Notice the new casualty figures. I plan to place one on the table every time a unit is eliminated. That way, as the battle goes on, and units come off the table, it won't look as empty, and it will be apparent where the hard fighting took place.


Confederate troops of Rodes Division waiting in Gettysburg for their chance to storm Cemetery Hill.

Monday, September 6, 2010

Victory and Defeat


The Union Center finally breaks and the men of Sickles' Corps flee the field. At a quick meeting with some of his Corps Commanders (Sykes and Sickles are nowhere to be found), General Meade makes the decision to have the Army of the Potomac retreat before it can be surrounded. Darkness and casualties prevent an effective pursuit, but as the Union army retreats toward Hanover, the Army of Northern Virginia, led by Stuart's unbloodied cavalry, takes the inside track toward Washington via Littlestown. The Confederate forces reach Westminster hours before the Army of the Potomac, and prepare a defensive position on Parr's Ridge south of Pipe's Creek.

On the morning of July 4, 1863, a frantic General Meade exhorts his generals to break through the rebel line and save the government. Wave upon wave of Yankees surge up the ridge only to be shot down. The Confederate troops chant 'Fredericksburg, Fredericksburg' as they continue to load and fire into the blue masses.

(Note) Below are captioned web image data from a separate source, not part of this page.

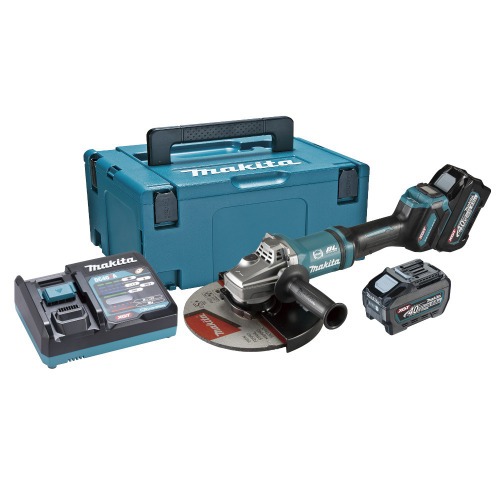 Esmerilhadeira angular a bateria 9 Esmerilhadeira angular a bateria 9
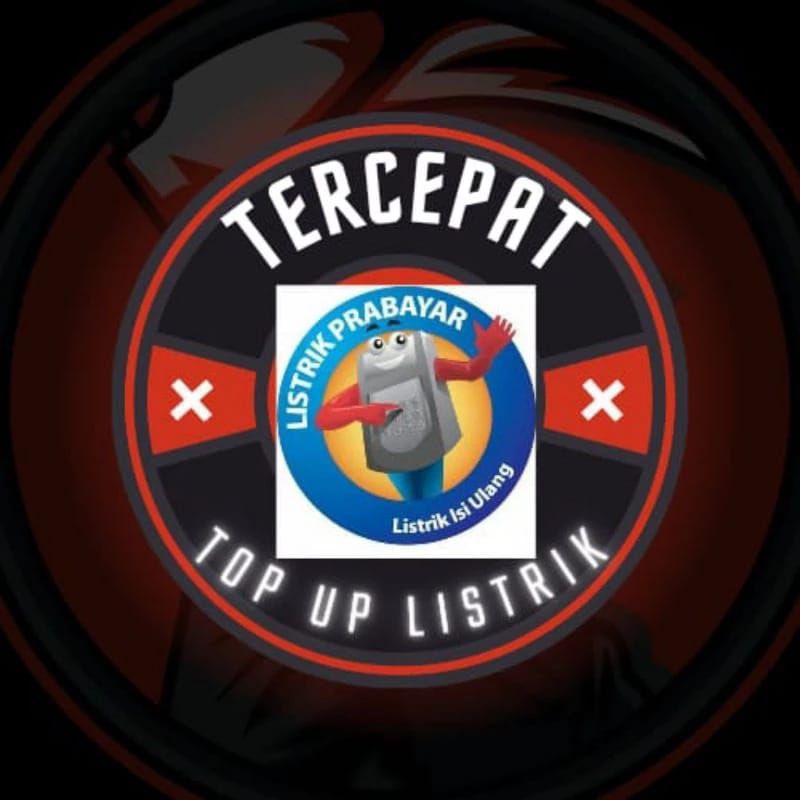 Token LISTRIK 1 JUTA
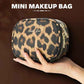 Mini Makeup Bag with Led Mirror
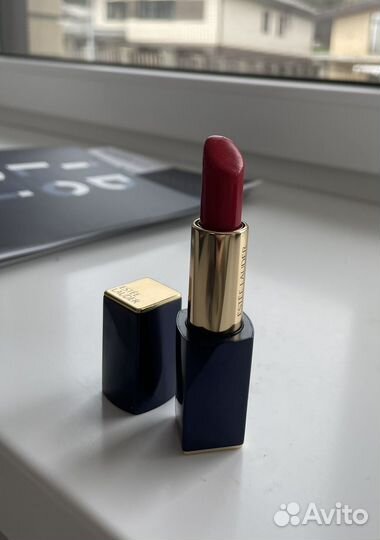 Estee lauder помада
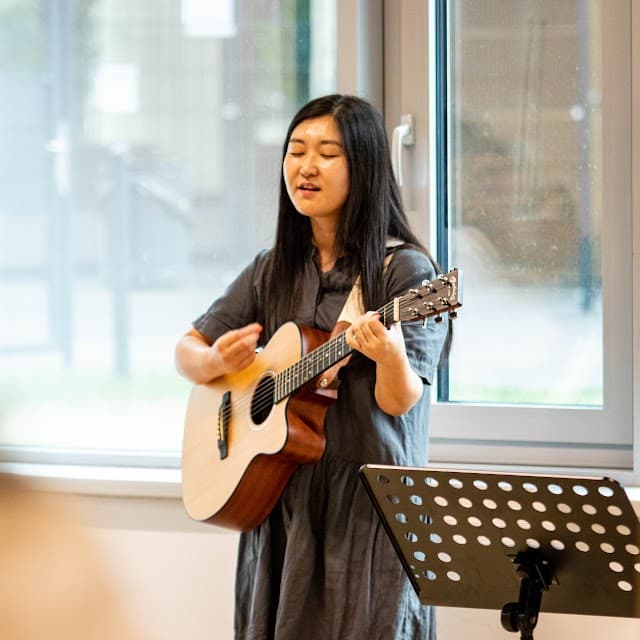 Advent Sunday Service (Unplugged)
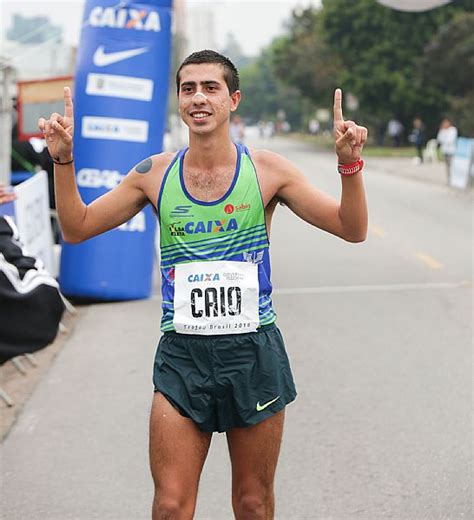 Erica Sena e Caio Bonfim competem na última etapa da World Challenge de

But the apparently bottomless well of Northern bravery changes their jeering to admiration, and even in some cases to silent tears as the men in grey fire into the last approaching soldiers in blue.

2 weeks later, just after signing the armistice that would forever divide America into two nations, Abraham Lincoln noted that "those brave men at Westminster, gave the last full measure of devotion to their country."